Authors:
(1) Rui Duan University of South Florida Tampa, USA (email: ruiduan@usf.edu);
(2) Zhe Qu Central South University Changsha, China (email: zhe_qu@csu.edu.cn);
(3) Leah Ding American University Washington, DC, USA (email: ding@american.edu);
(4) Yao Liu University of South Florida Tampa, USA (email: yliu@cse.usf.edu);
(5) Yao Liu University of South Florida Tampa, USA (email: yliu@cse.usf.edu).
Table of Links
Parrot Training: Feasibility and Evaluation
PT-AE Generation: A Joint Transferability and Perception Perspective
Optimized Black-Box PT-AE Attacks
III. PARROT TRAINING: FEASIBILITY AND EVALUATION
In this section, we study the feasibility of creating parrot speech for parrot training. As the parrot speech is the oneshot speech synthesized by a VC method, we first introduce the state-of-the-art of VC, then propose a two-step method to generate parrot speech, and finally evaluate how a PT model can approximate a GT model.
A. One-shot Voice Conversion
Data synthesis: Generating data with certain properties is commonly used in the image domain, including transforming the existing data via data augmentation [92], [98], [80], [98], generating similar training data via Generative Adversarial Networks (GAN) [50], [35], [18], and generating new variations of the existing data by Variational Autoencoders (VAE) [62], [48], [53], [24]. These approaches can also be found in the audio domain, such as speech augmentation [63], [90], [64], [69], GAN-based speech synthesis [33], [65], [59], [21], and VAE-based speech synthesis [62], [55], [117]. Specifically, VC [94], [75], [70], [104], [31] is a specific data synthesis approach that can utilize a source speaker’s speech to generate more voice samples that sound like a target speaker. Recent studies [107], [40] have revealed that it can be difficult for humans to distinguish whether the speech generated by a VC method is real or fake.

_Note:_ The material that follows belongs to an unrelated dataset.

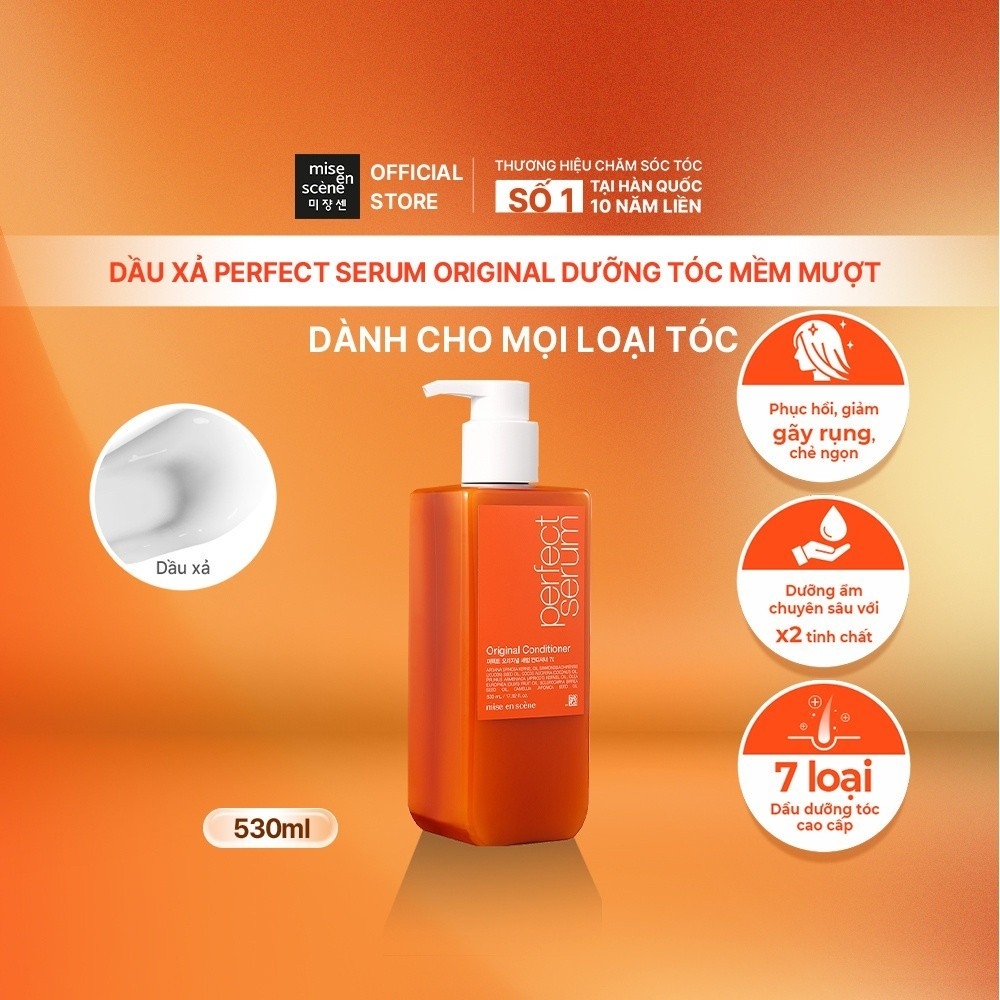 Dầu Xả Mise En Scène Hỗ Trợ Phục Hồi Tóc Hư Tổn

One-shot voice conversion: Recent VC has been developed by only using one-shot speech [34], [77], [110], [31] (i.e., the methods only knowing one sentence spoken by the target speaker) to convert the source speaker’s voice to the target speaker’s. This limited knowledge assumption well fits the black-box scenario considered in this paper and motivates us to use one-shot speech data to train a local model for the black-box attacker. As shown in the left-hand side of Fig. 1, a VC model takes the source speaker’s and the target speaker’s speech samples as two inputs and yields a parrot speech sample as the output. The attacker can pair the only speech sample, obtained from the target speaker, with different speech samples from public speech datasets as different pairs of inputs to the VC model to generate different parrot speech samples, which are expected to sound like the target speaker’s voice to build parrot training.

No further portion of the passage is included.